E’ allarme dispersione scolastica nel Napoletano: nei giorni scorsi i carabinieri hanno denunciato 105 genitori (ed esercenti la patria potestà) per non avere rispettato l’obbligo di istruzione dei figli minorenni: 65 ragazzi di età compresa tra gli 8 e i 14 anni che quest’anno non hanno frequentato la scuola dell’obbligo, perdendo di fatto l’anno.
I militari della compagnia di Pozzuoli hanno segnalato i nuclei familiari alla Procura ordinaria e a quella dei minorenni di Napoli per “inosservanza dell’obbligo scolastico”. Sono stati informati anche i servizi sociali competenti per territorio.
La notizia ha destato un forte allarme sociale.

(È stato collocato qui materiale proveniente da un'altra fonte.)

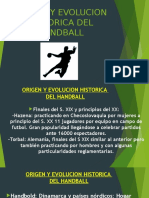 Origen y Evolucion Historica Del Handball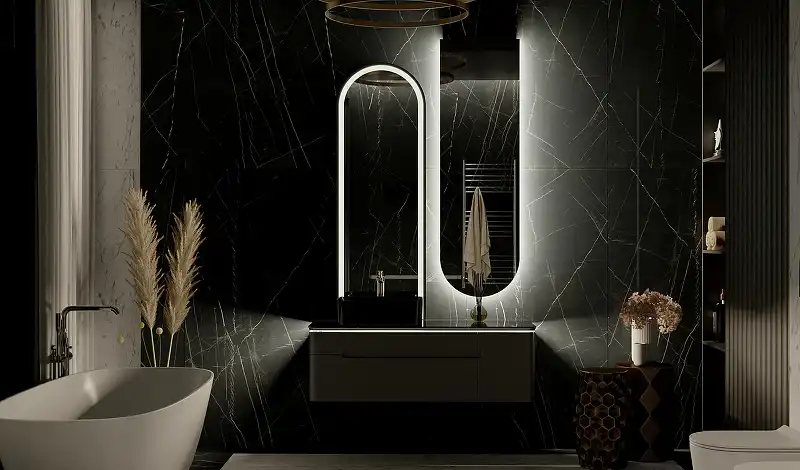 Тумба под раковину Jorno SHINE 120 Shi.01.120/P/A Серый антрацит фото 10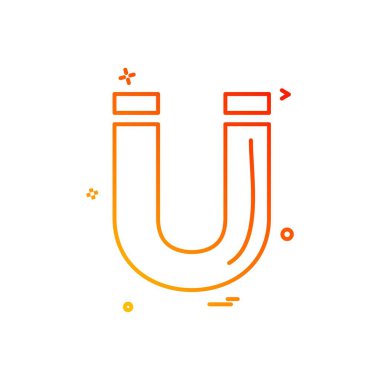 Mıknatıs simge tasarlamak vektör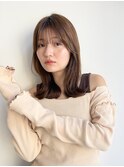こなれミディ☆イメチェンくびれレイヤー 小顔 ショコラブラウン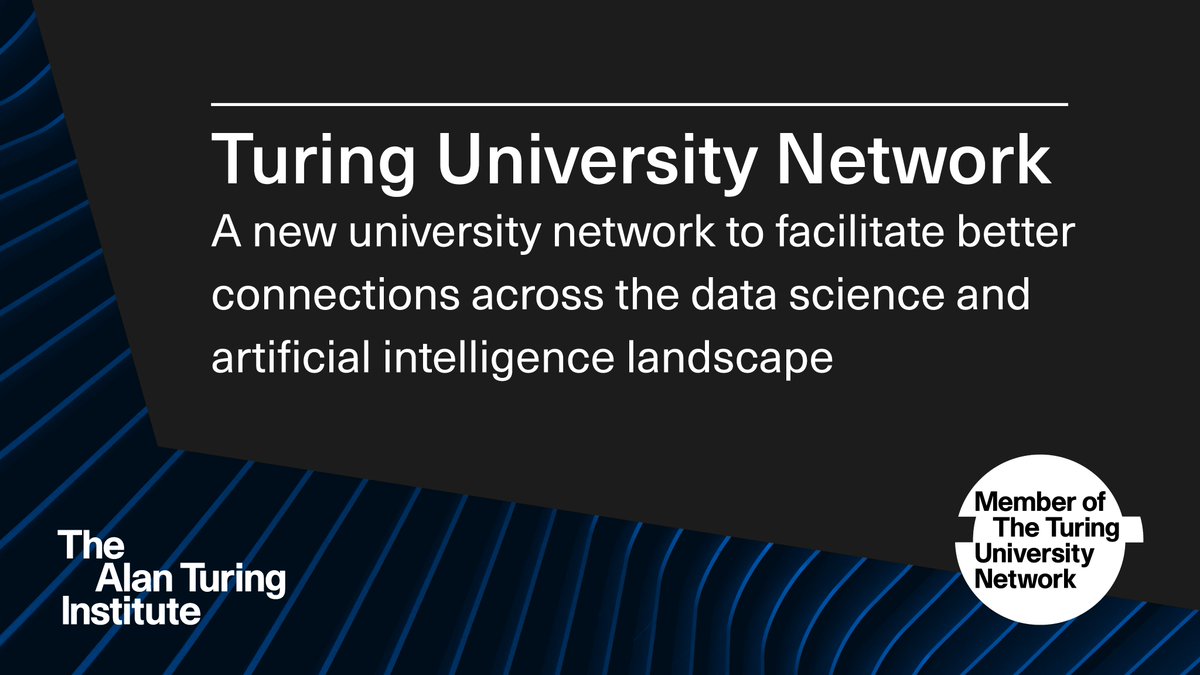 turinginst's tweet image. Today we’ve launched the new Turing University Network, providing UK universities the opportunity to work with us & our network. It’s crucial to the success of our new strategy and we look forward to working closely with new universities. Find out more: bit.ly/3ZxPkKJ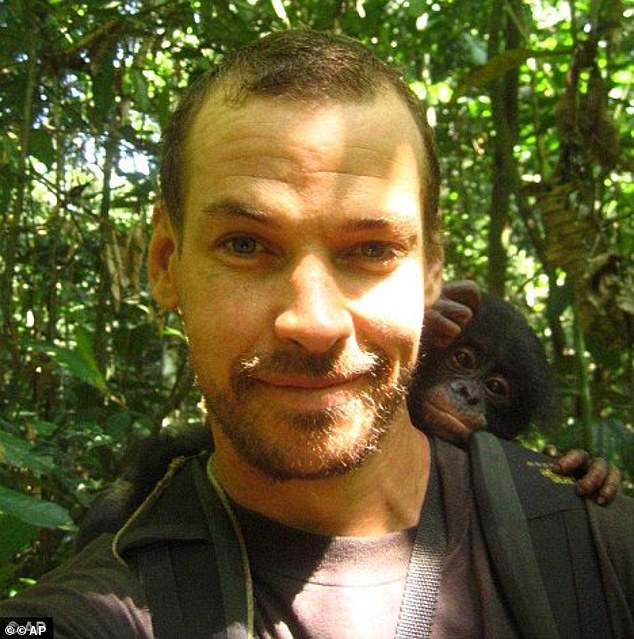 Hendrik Coetzee, 35, (pictured) was leading an expedition from the source of the White Nile to Congo when he was attacked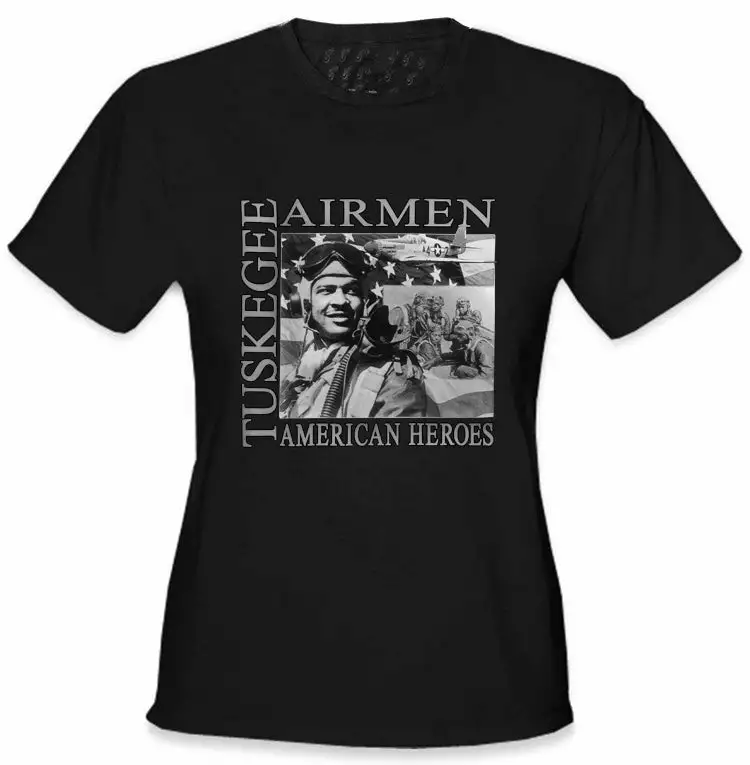 Bewild African American Heroes - Tuskegee Airmen Girl's T-Shirt 4 Bewild African American Heroes - Tuskegee Airmen Girl's T-Shirt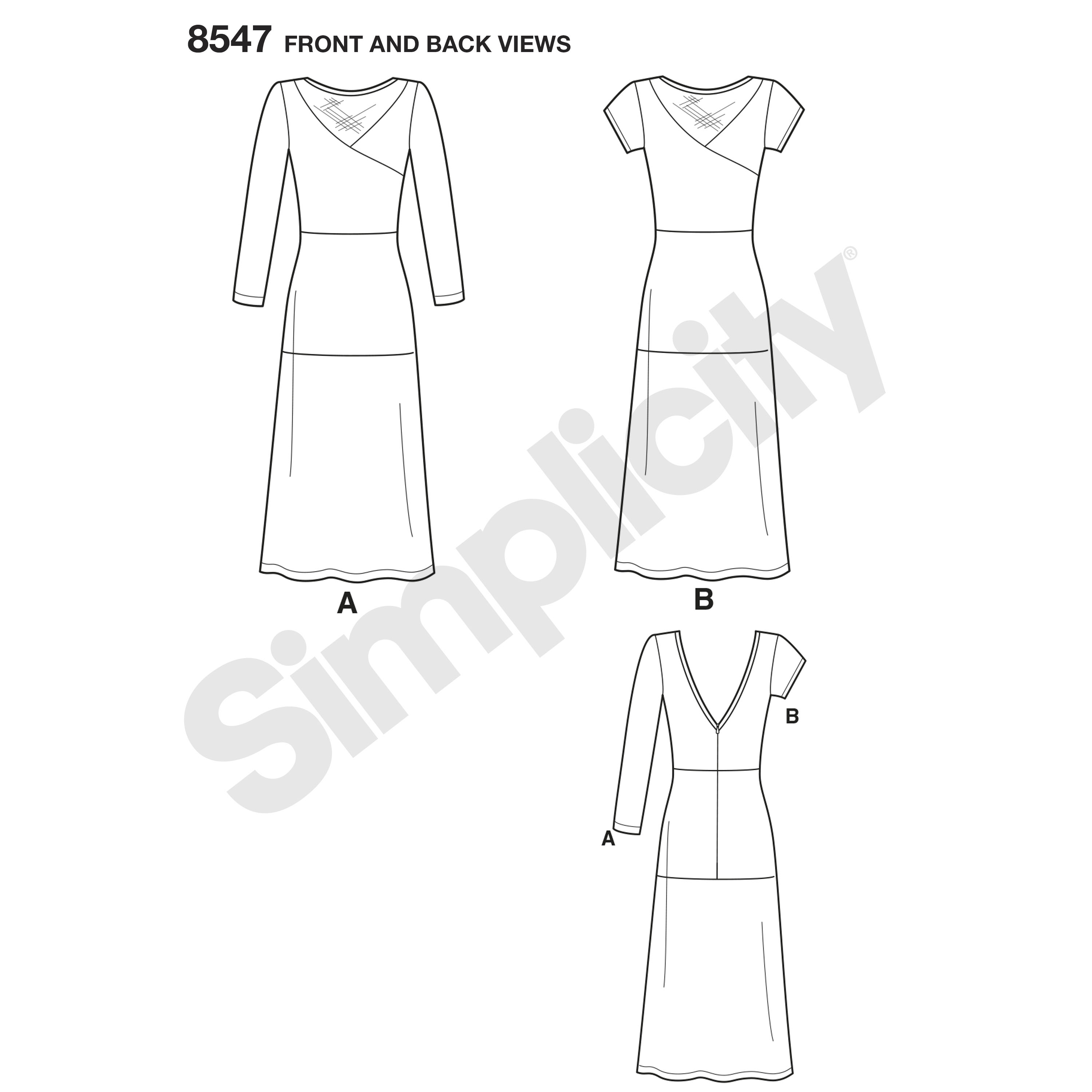 Simplicity Patterns US8690U5 Mimi G Misses Miss Petite Dress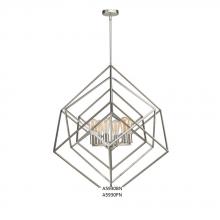  A5930BN - Avista Geometric 30" Chandelier Brushed Nickel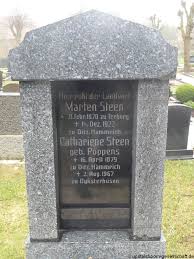 Grab von Marten Steen (21.02.1870-14.12.1922), Friedhof Ditzum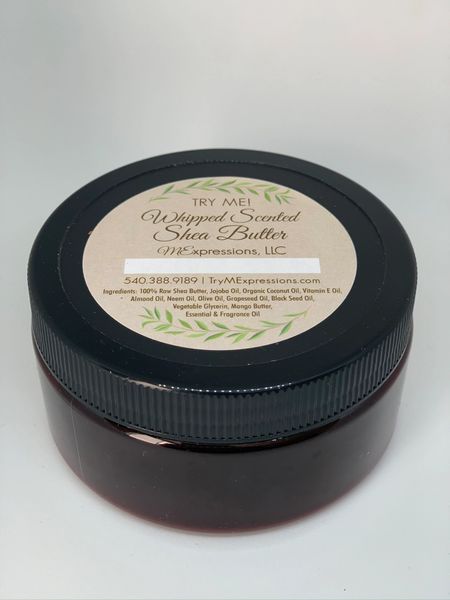 WHIPPED UNSCENTED SHEA BUTTER 8oz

Il Napoletano infatti non è l’unico territorio italiano segnato dalla piaga della dispersione scolastica che, come si evince dai dati, riguarda non solo degli adolescenti, ma anche dei bambini delle prime classi delle elementari.
Per comprendere meglio il fenomeno e dare una risposta concreta all’emergenza, Interris.it ha intervistato la dottoressa Carla Garlatti, titolare dell’Autorità Garante per l’Infanzia e l’Adolescenza (AGIA).
L’intervista a Carla Garlatti
Qual è la posizione dell’Autorità Garante sulla spinosa questione della dispersione scolastica?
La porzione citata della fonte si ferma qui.